-- Directions --
All lines below between the line with "中央区白羽町の浴室|リビング" and the line with "Дом в Курская", including both, must be copied exactly, and the pictures must be omitted.

-- Study material --
=== Section Start ===

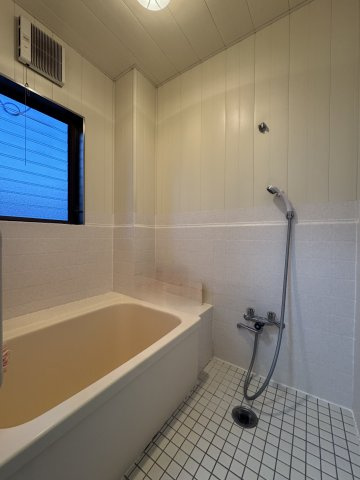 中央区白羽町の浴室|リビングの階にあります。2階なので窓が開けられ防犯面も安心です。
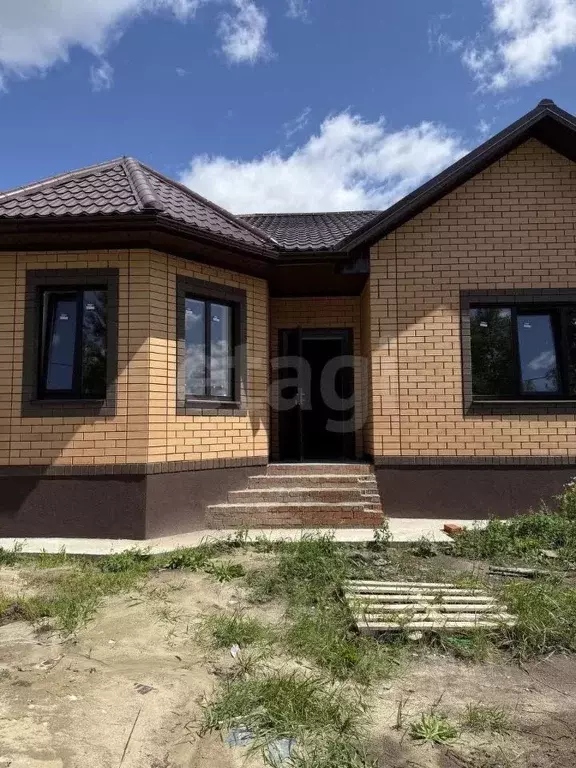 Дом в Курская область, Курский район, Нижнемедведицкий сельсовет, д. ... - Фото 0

=== Section End ===
=== Section Start ===

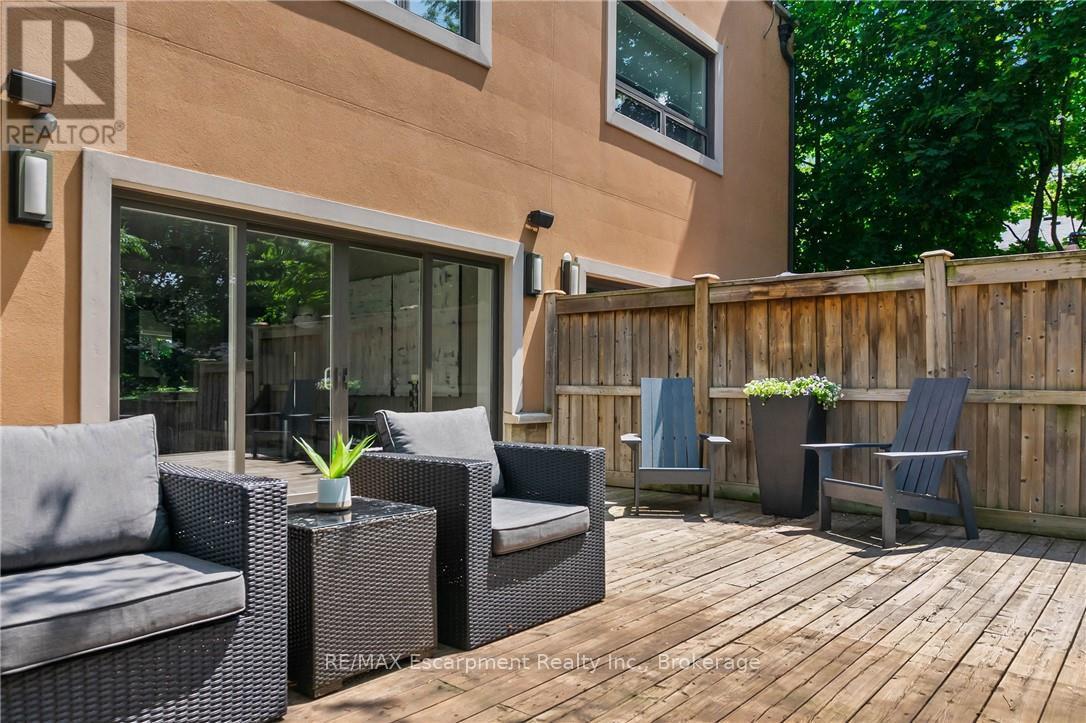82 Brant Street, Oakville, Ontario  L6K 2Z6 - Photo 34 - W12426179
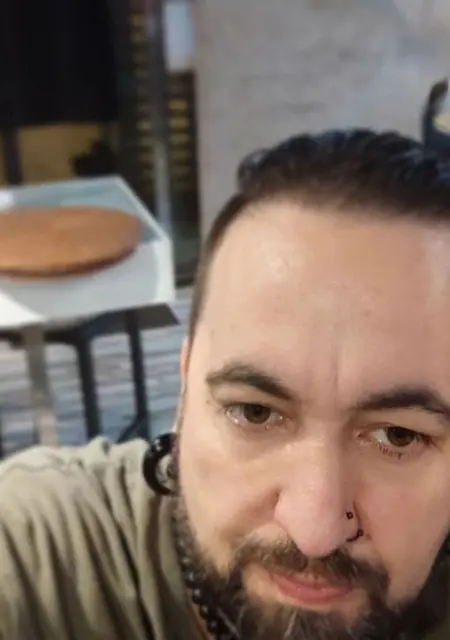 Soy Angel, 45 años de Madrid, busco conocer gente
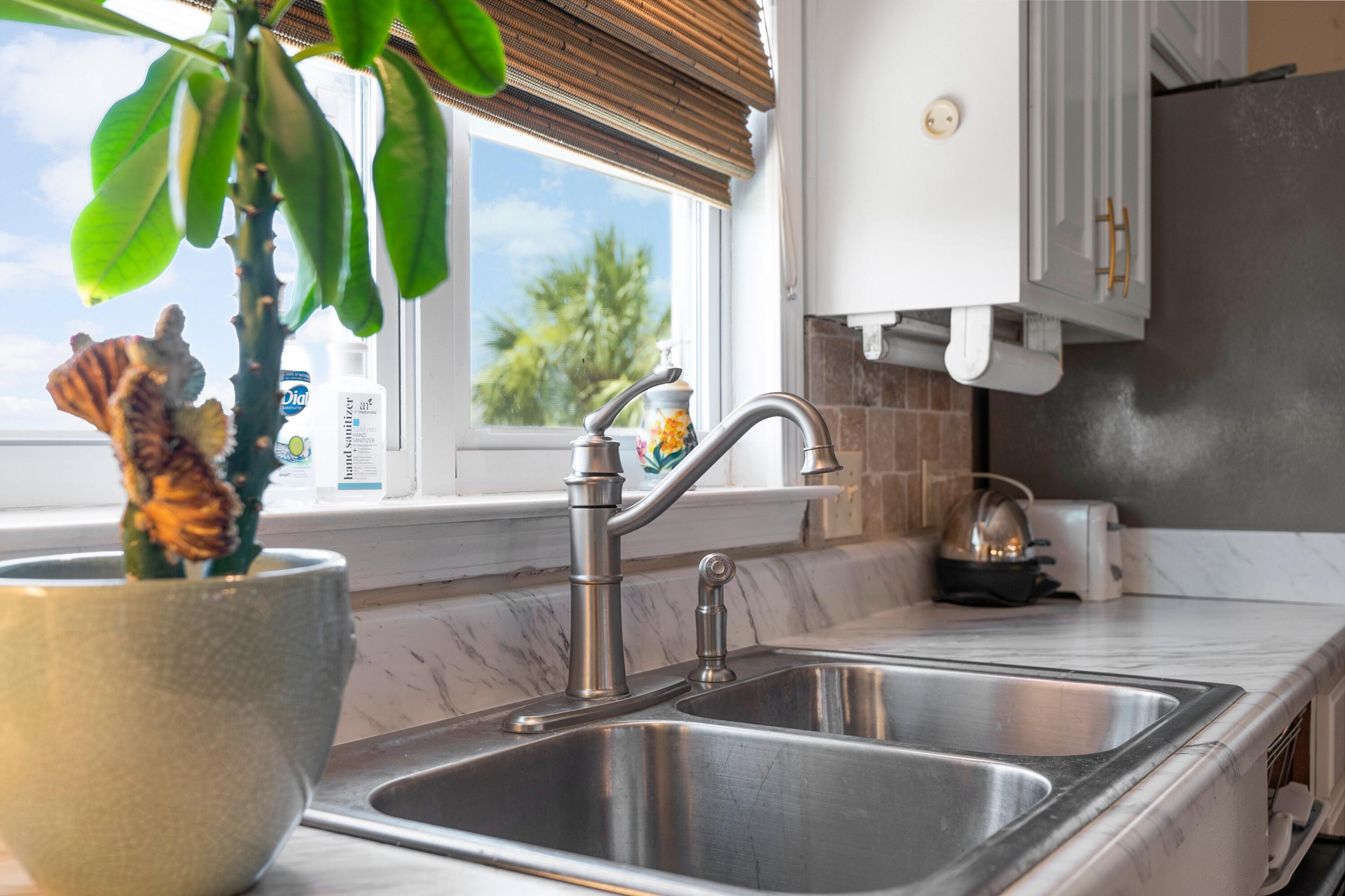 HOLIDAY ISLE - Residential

=== Section End ===

-- Written answer --
 中央区白羽町の浴室|リビングの階にあります。2階なので窓が開けられ防犯面も安心です。
 Дом в Курская область, Курский район, Нижнемедведицкий сельсовет, д. ... - Фото 0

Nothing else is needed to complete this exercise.